Founded in 1976, by educators who wanted to develop a more effective way to engage students, Facing History and Ourselves has grown from a single innovative course to an organization reaching classrooms across the US and around the world.

Tuesday, April 15, 2014

Featured 4-15-2014: 21Things4Teachers

21Things4Teachers is a free web-based professional development resource to educate teachers in the use of technology
The intention of 21Things4Teachers is to provide Just-in-Time training for K-12 educators through an online interface based on the ISTE Standards for Teachers, the basic technology skills every educator should possess.
21things4teachers 1
21Things4Teachers covers a large variety of digital applications in the context of different educational practices, issues, considerations, and environments.
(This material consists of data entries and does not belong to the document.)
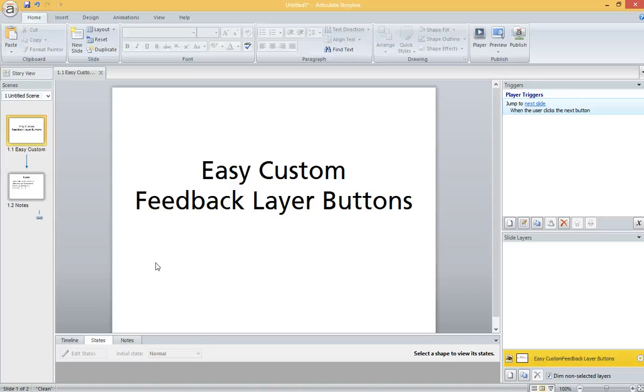Hi everyone, this is Rob Lonegar, and I'd like to share with you my idea for creating easy custom feedback layer buttons.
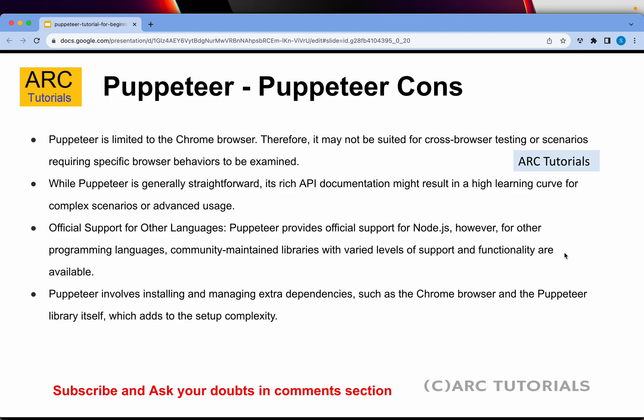What are the cons? Puppeteer is primarily limited to the Chrome browser. You can customize the browser of your choice, but by default it's Chrome, which makes cross-browser testing a little difficult. While Puppeteer is generally straightforward, documentation and tutorials for highly complex scenarios are limited. Also, the support is only for Node.js, which means you can't really extend it to other strong frameworks like C#.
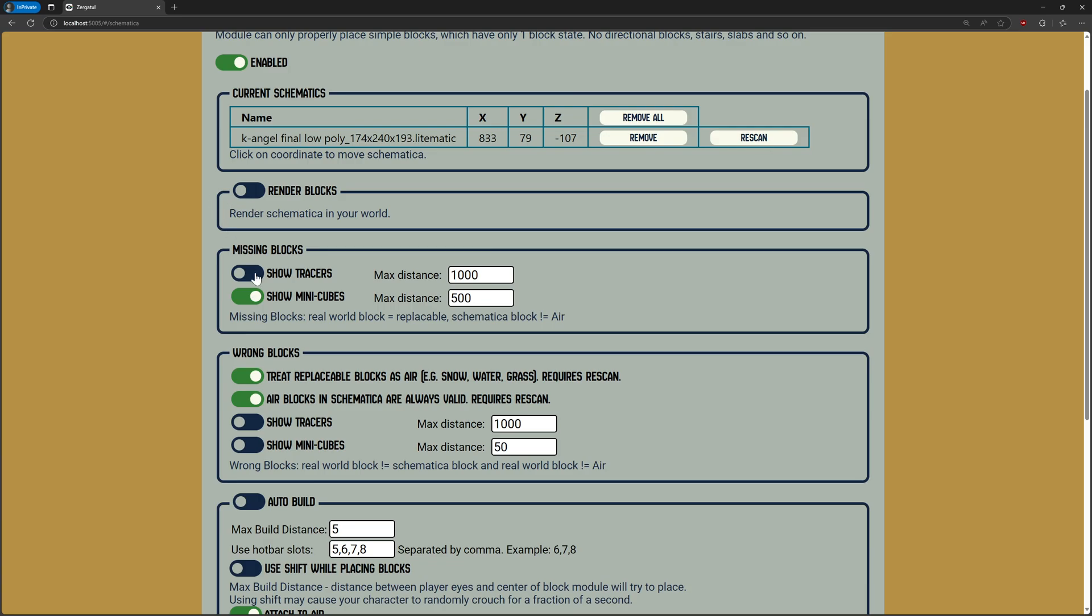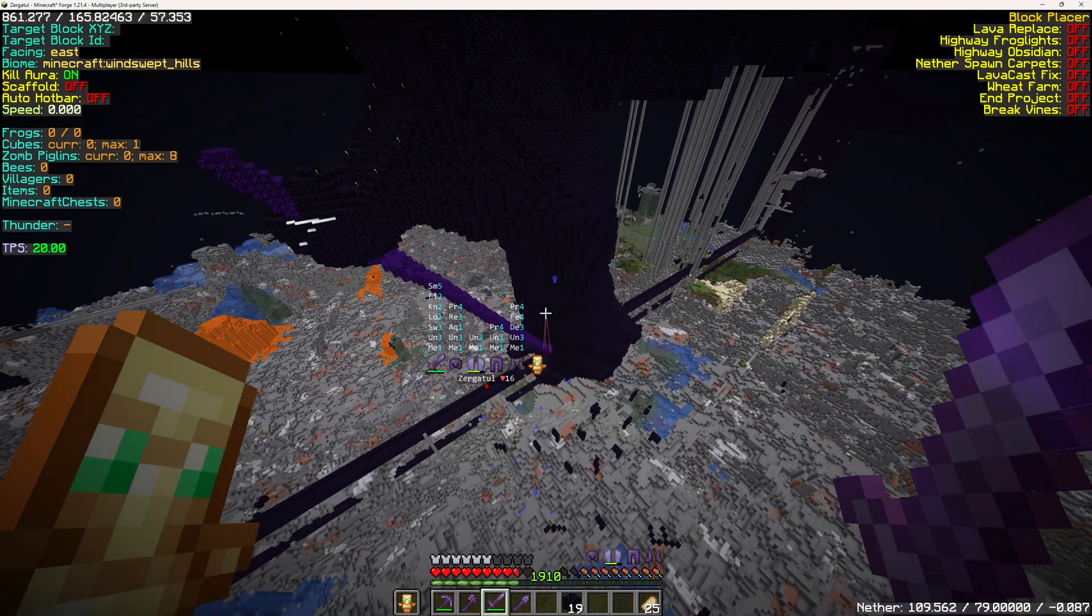If you enable wrong blocks, you can see which blocks don't match with Schematica. In my case, these are irrelevant since we need a passage here.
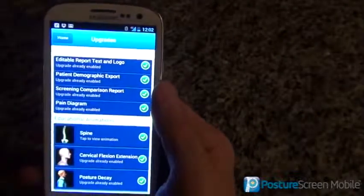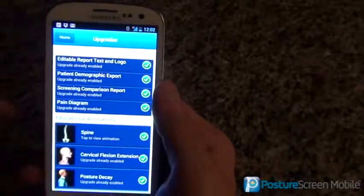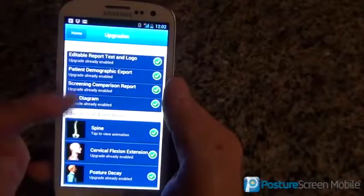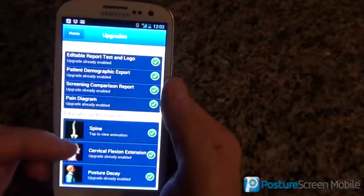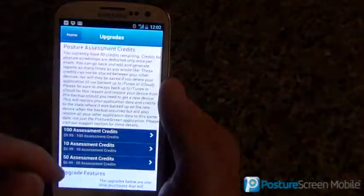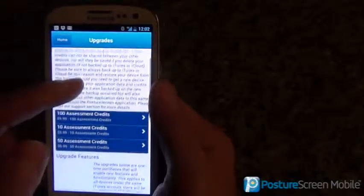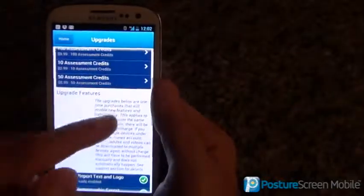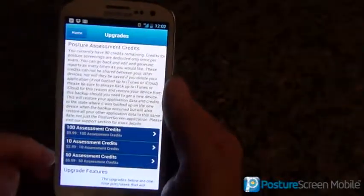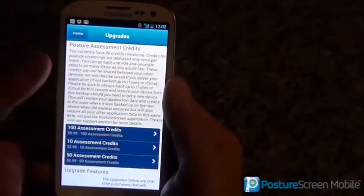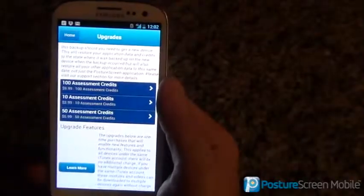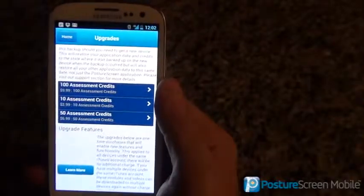It's a one-time purchase, so if you delete the app, this is tied to your account at Google. So if you have more than one device, you can go ahead and load that. Unfortunately, the credits are specific to the device, so you have to download the credits specific to each device.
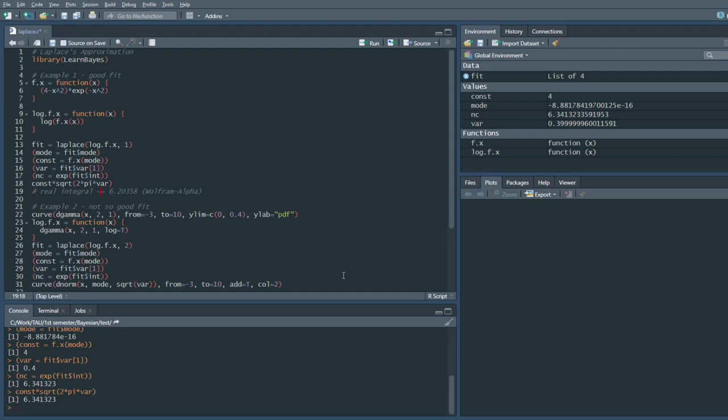And we can also find the normalizing constant, which is 6.341. It's just the constant times the square root of 2π times the variance. And just so you know, the real integral of our original function according to Wolfram Alpha is 6.2. So it's pretty close — 6.34 vs 6.2. It's not such a bad approximation in this case.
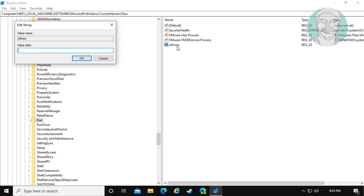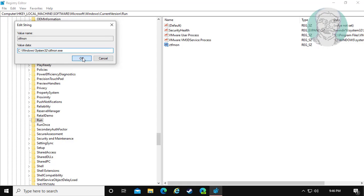Change value data to C:\Windows\System32\ctfmon.exe. Click OK and exit Registry Editor.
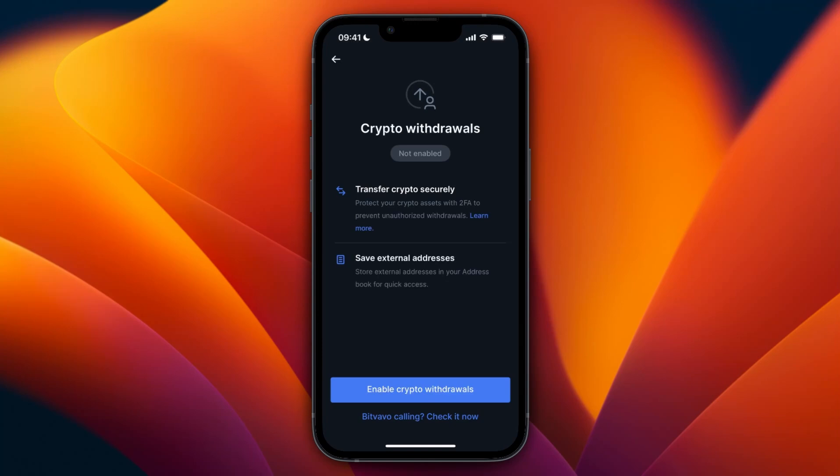And then it is just going to transfer from your BitFavo account to your MetaMask account after you confirm the transfer.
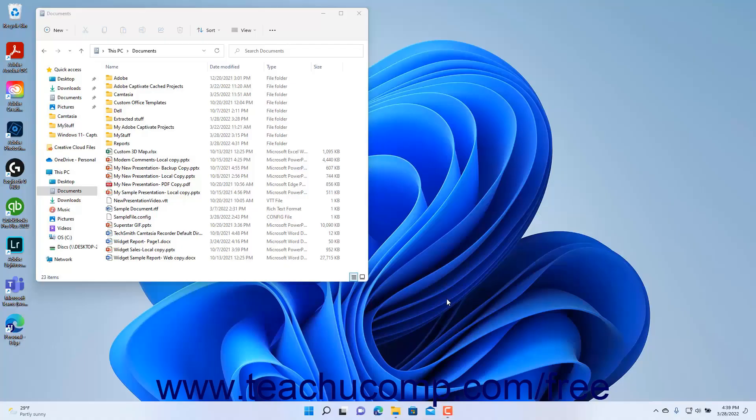When organizing your files and folders in Windows, you will often want to move or copy files and folders to a new location. There is a difference between moving and copying files and folders. When you move a file or folder, you cut the original item and then paste it into a different location on your computer. When you copy a file or folder, you make an exact copy of the selected file or folder, and then paste the copy into a new location in your computer.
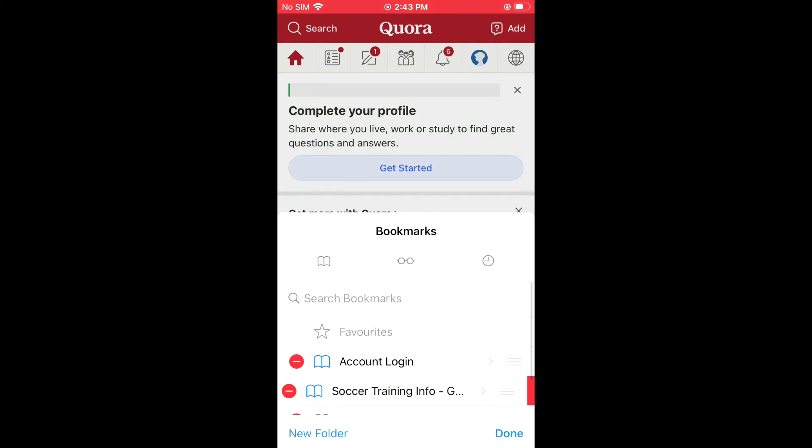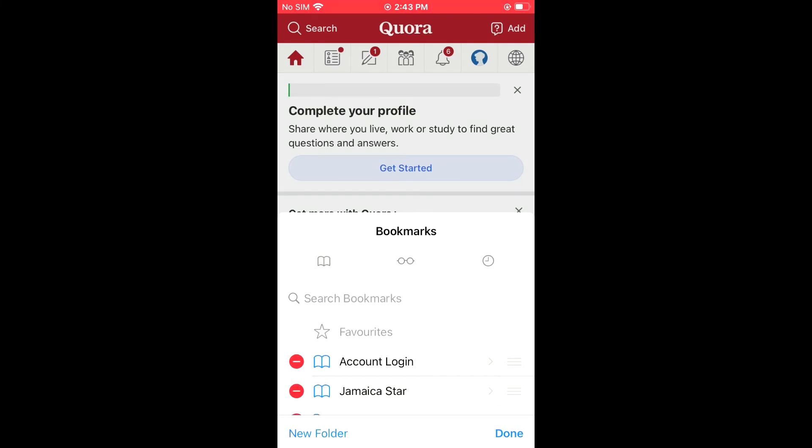Let's tap on the red button right there, then select Delete. And that's it.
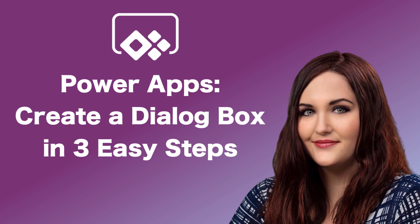Hey everyone, April Dunham here. In this video, I'm going to show how you can create a simple dialog box in PowerApps in just three easy steps. But first, here's the intro.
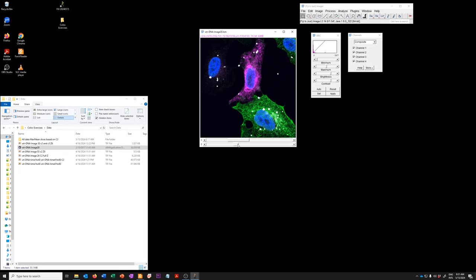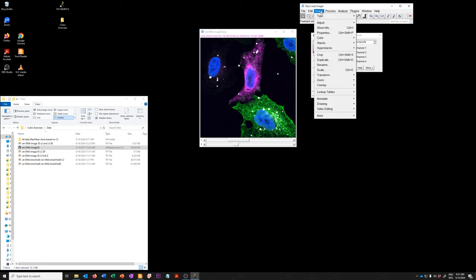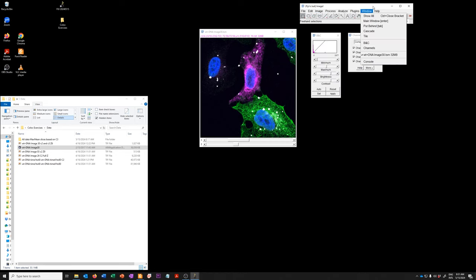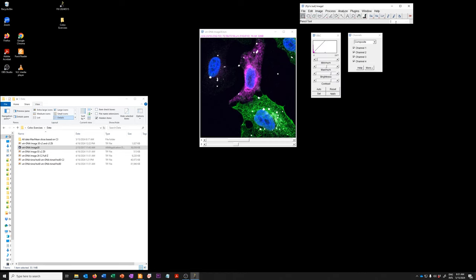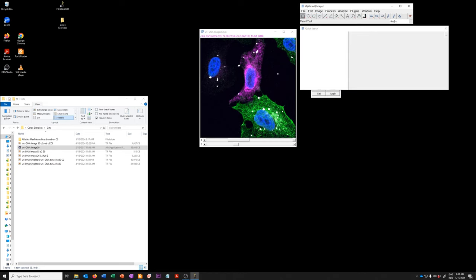To make that subset, we're going to use the duplicate command, which is image duplicate or CTRL-SHIFT-D. If you don't know where this is, you can also find commands by typing them here if you remember what they're called. That's going to be this one.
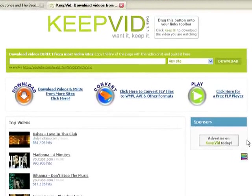Let us take a look at how keepvid.com can be used to save a copy of a YouTube video on your computer.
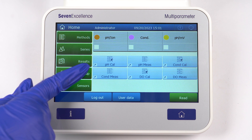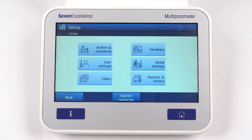Next in the line is the Setup menu. In this menu, you'll find all the standards and buffer groups, user settings, tables, hardware, global settings, maintenance, and service.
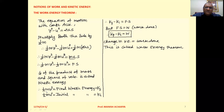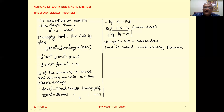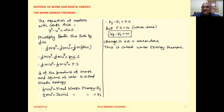So, half m v², where V is the final velocity, is the final kinetic energy, denoted Kf. Similarly, half m u², where u is the initial velocity, is the initial kinetic energy, denoted Ki. We can rewrite the equation as: final kinetic energy minus initial kinetic energy equals force into displacement. Force into displacement is work done. So, final kinetic energy minus initial kinetic energy is the change in kinetic energy.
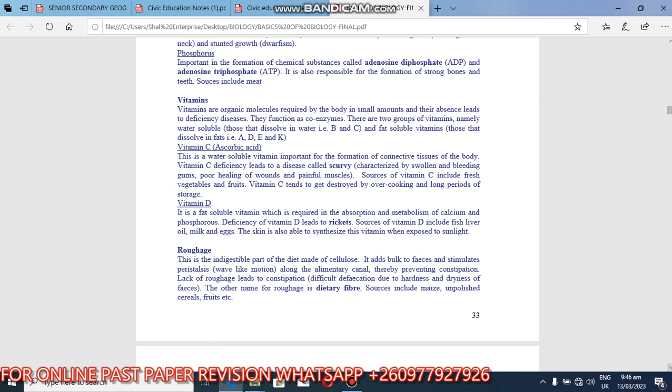So roughage, this is indigestible, something that is not digestible, part of diet made up of cellulose. Remember plants, they have got a cell wall made up of cellulose. So this is indigestible in human beings. It adds bulk to feces and stimulates peristalsis, wave motion-like, along the alimentary canal, thereby preventing constipation.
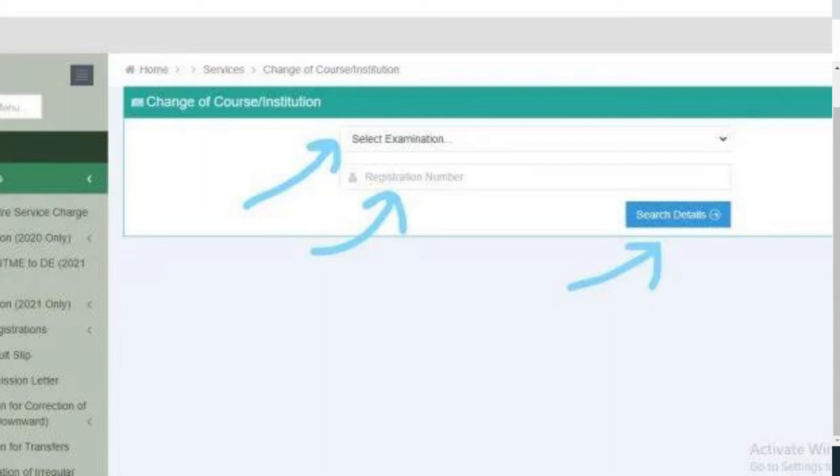Take note: if your application is approved, your details will be changed as you requested. This is exactly the process you need in order to change your institution. If you like this video, give it a thumbs up, comment, and share it with your friends. Don't forget to hit the subscribe button so that subsequent editions of the JAMB Helper series reach you, and hit the bell icon to get notified when new videos are published. Thank you for watching.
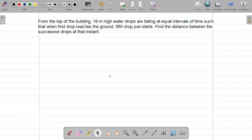Happy day students. Let's see another question here. From the top of a building 60 meters high, water drops are falling at equal intervals of time such that when the first drop reaches the ground, the fifth drop just starts. Find the distance between the successive drops at that instant.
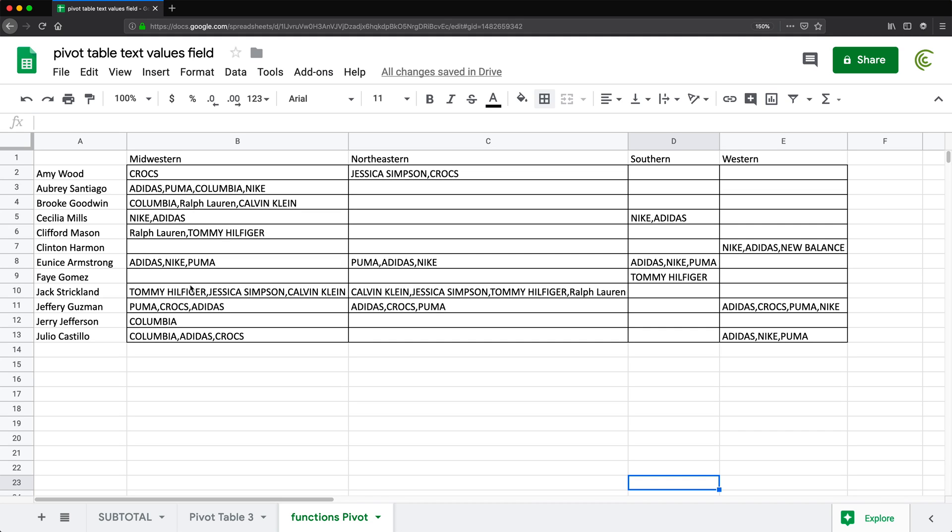So that's how we can pivot text values and display them as actual text. That should do it for this video. Thanks for watching — please subscribe, and I'll see you in the next one.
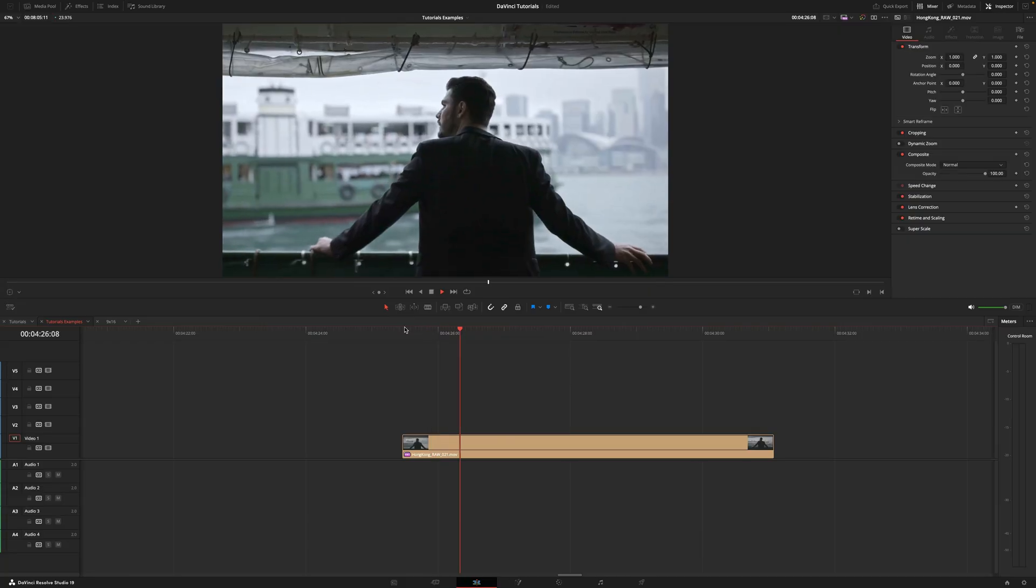Hi, my name is Mauri De Aro and today I'm going to show you how to smart reframe in DaVinci Resolve.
The 21 modules, or things, include such topics as Cloud Initiation, Collaboration Tools, Visual Learning, Copyright and Creative Commons, Differentiated Instruction, and Flipping the Classroom.
With learning activities structured around the NETS•T, the modules provide an opportunity for participants to learn how to use various technology tools and how technology can support an educator’s professional development. Participants will broaden their own skills and discover what students need in order to meet the ISTE Standards for Students.
21Things4Teachers began in 2008, with four friends who were instructional technology specialists looking for a way to train teachers on technology in a timely and cost-effective manner.

Monday, April 14, 2014

Featured 4-14-2014: Quizdini

Quizdini allows you to create fast, customized, entertaining activities that will help your students learn more while having fun with bright colors and a playful feel.
Quizdini was created by teachers for teachers to be an alternative to the costly and restrictive choices that currently exist in the online educational game market. Quizdini is a still evolving tool designed to allow you to create the material your students will use.
Quizdini 1
The games are referred to as quizzes. There are two multiple-choice game types, Quizdini and Vocabulary, question and explanation boxes in the multiple-choice games support the use of HTML, and as such, support links to online content.
Quizdini 2
Another game lets students drag-and-drop matching tiles together, an activity nicely suited to interactive whiteboards.
Quizzes can be shared with colleagues or students by copying and sharing the game's unique URL from your browser's address bar.

 Go to the Quizdini YouTube channel
Quizdini doesn't advertise or store sensitive information on your students. They have committed to providing teachers with a simple easy-to-use, easy-to-control system that helps students.